Personally, I think Wednesdays' news of Mr. Kennedy's demise, paired with a side order of Michael Pollen's 'The Optimistic Omnivore', only demonstrates two things:
1) Rich people do occasionally eat at home, maybe more so now
2) Mr. Kennedy and Mr. Pollen, like ourselves at NEO, believe so strongly that we can, should and will soon have to be feeding ourselves more locally grown organic food and the longer we ignore this fact the further into an apocalypse of our own making.
However, to say that local food is 'arguably killing his business', would I think (and I suspect the author just did) put the wrong words in Kennedy's mouth because I am sure that he knows as well as we do that it is not that good local food is too expensive, it's that mass produced foods from the global marketplace arrive in our grocery stores and run of the mill restaurants at a price that would be almost impossible for you local diversified small scale grower to match. And as our culture continues to prove year after year, people would rather devote 10% more to their entertainment and technology budget than to supporting a network of small local growers that are aptly stewarding the land and nurturing the water, soil air and communities which make life possible...leaving our environment and long term health at risk.
Similarly, our Government is more concerned with 'getting shovels in the ground' on building new roads for their (our) newly purchased public car company than they are with implementing solutions that address the underliying unsustainable nature of our industrial global economy and move us toward a new paradigm where we can still think and share knowledge at a global level, but do a much better job of meeting our material needs as locally as possible, especially when it comes to food.
Of course, this might mean have to support local farmers who might charge a little more than Walmart for salad greens.
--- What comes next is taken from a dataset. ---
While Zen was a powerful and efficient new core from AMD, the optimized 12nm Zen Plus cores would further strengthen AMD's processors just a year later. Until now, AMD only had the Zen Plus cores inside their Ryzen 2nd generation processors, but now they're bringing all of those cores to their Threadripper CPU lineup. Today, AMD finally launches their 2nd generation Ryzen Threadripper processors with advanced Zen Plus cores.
Or perhaps having to eat an apple that has a blemish on it or a carrot with a crook in its neck. It might even spur some of us to rip up that lawn and get a garden going - good now we're on our way. Stop at the farmer's market before going to the grocery store - this seems perfectly logical. Send my unruly teenager to work with Farmer Ryan under the hot summer sun instead of playing videogames - now that's a great idea!
Of course, if people see this as some cruel and unusual punishment (how dare you take my cheap food away from me - tonight's the Cup finals and the guys are coming over for bugers and beers!?) then clearly Jamie Kennedy's not the only one with a problem. So how do we convince people to spend more on food when they'd rather spend it on their cell phone?
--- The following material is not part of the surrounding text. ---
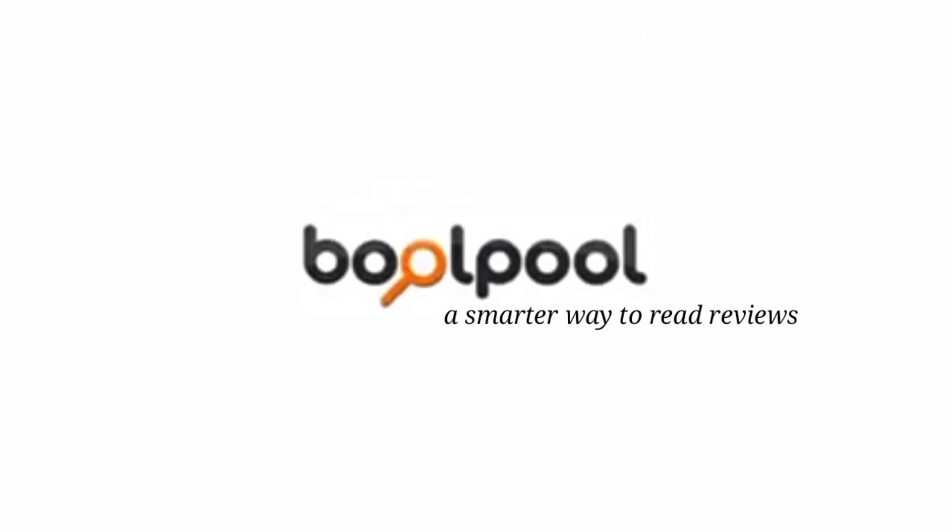Don't forget to subscribe to my channel. To learn more about these products go to our website boolpool.com.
Maybe try and convince them of food's worth, of food's primal place in our lives. We need to get back into the web of life, the food chain that links every being to everything else and tell people, heck show people, what a beautiful place this planet is.
Celebrate food as often as possible, talk about it as much as you can. Sure pair it with a glass of wine, but forget not of the terrior that gave that wine it's distinction. Miss not an opportunity to let people know where those greens were grown, how that carrot was harvested, why Small is Beautiful and which hierllom tomatoes have unsurpassed character. And don't just do it when there's a big game on or a holiday to celebrate - make meals the focus our our everyday lives and discover the joy, love and conversation that can come out of our food.
To borrow that now tired phrase, "be the Change", please folks. And no, I am not saying that everyone should rush out to Jamie Kennedy's and pay $50 for a sandwich. We are, however, at a crucial time in the history of food when our consciousness about what is right and wrong is on the rise, and we have to keep voting with our dollars.
Everyone one of us has to take responsibility for getting ourselves and our food system ready for the post carbon economy. If we fail to, not only will we loose a sense of our own gastronomic selves, but we'll have to live on imported GMO everything from our southern neighbours, that is, if they have any surplus to offer up after their industrial economic world gets rocked for real in the next 10-20 years if the water shortages don't get to them first.
When that ship starts sinking, Canada may be in a better position that most nations due to our abundant resources, but if we don't have strong community based local food networks, our fortunes are going to end up like that last poor guy through the buffet line - a couple of pickled onions and some overcooked meatloaf, if we're lucky.